WHAT THIS TASK INVOLVES:
Could you reproduce all of the entries below without a single change?

EXCERPTED DATA Block Start

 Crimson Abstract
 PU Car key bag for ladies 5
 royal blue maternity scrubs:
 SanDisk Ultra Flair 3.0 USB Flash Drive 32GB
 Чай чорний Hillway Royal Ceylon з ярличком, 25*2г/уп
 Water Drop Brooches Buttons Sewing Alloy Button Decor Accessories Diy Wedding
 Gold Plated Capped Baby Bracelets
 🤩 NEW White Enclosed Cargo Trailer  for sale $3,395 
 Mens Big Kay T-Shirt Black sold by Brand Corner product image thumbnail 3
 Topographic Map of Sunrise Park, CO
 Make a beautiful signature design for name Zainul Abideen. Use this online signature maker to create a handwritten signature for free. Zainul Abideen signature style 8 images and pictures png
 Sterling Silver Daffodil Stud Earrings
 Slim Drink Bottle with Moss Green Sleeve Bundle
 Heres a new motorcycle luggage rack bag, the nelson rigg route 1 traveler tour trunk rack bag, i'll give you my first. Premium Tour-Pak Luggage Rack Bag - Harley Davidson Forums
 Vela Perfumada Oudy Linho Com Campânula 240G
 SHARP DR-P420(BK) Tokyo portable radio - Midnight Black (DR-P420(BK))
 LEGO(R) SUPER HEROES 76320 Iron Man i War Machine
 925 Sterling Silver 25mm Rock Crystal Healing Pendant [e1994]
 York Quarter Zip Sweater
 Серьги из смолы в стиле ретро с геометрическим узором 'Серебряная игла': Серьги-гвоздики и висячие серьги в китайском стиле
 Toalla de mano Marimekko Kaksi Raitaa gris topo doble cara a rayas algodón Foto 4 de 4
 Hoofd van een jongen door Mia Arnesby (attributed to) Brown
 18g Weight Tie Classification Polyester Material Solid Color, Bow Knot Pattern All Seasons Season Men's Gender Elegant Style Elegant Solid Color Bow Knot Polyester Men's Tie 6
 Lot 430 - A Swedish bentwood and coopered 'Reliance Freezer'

EXCERPTED DATA Block End

PROBLEM SOLUTION:
 Crimson Abstract
 PU Car key bag for ladies 5
 royal blue maternity scrubs:
 SanDisk Ultra Flair 3.0 USB Flash Drive 32GB
 Чай чорний Hillway Royal Ceylon з ярличком, 25*2г/уп
 Water Drop Brooches Buttons Sewing Alloy Button Decor Accessories Diy Wedding
 Gold Plated Capped Baby Bracelets
 🤩 NEW White Enclosed Cargo Trailer  for sale $3,395 
 Mens Big Kay T-Shirt Black sold by Brand Corner product image thumbnail 3
 Topographic Map of Sunrise Park, CO
 Make a beautiful signature design for name Zainul Abideen. Use this online signature maker to create a handwritten signature for free. Zainul Abideen signature style 8 images and pictures png
 Sterling Silver Daffodil Stud Earrings
 Slim Drink Bottle with Moss Green Sleeve Bundle
 Heres a new motorcycle luggage rack bag, the nelson rigg route 1 traveler tour trunk rack bag, i'll give you my first. Premium Tour-Pak Luggage Rack Bag - Harley Davidson Forums
 Vela Perfumada Oudy Linho Com Campânula 240G
 SHARP DR-P420(BK) Tokyo portable radio - Midnight Black (DR-P420(BK))
 LEGO(R) SUPER HEROES 76320 Iron Man i War Machine
 925 Sterling Silver 25mm Rock Crystal Healing Pendant [e1994]
 York Quarter Zip Sweater
 Серьги из смолы в стиле ретро с геометрическим узором 'Серебряная игла': Серьги-гвоздики и висячие серьги в китайском стиле
 Toalla de mano Marimekko Kaksi Raitaa gris topo doble cara a rayas algodón Foto 4 de 4
 Hoofd van een jongen door Mia Arnesby (attributed to) Brown
 18g Weight Tie Classification Polyester Material Solid Color, Bow Knot Pattern All Seasons Season Men's Gender Elegant Style Elegant Solid Color Bow Knot Polyester Men's Tie 6
 Lot 430 - A Swedish bentwood and coopered 'Reliance Freezer'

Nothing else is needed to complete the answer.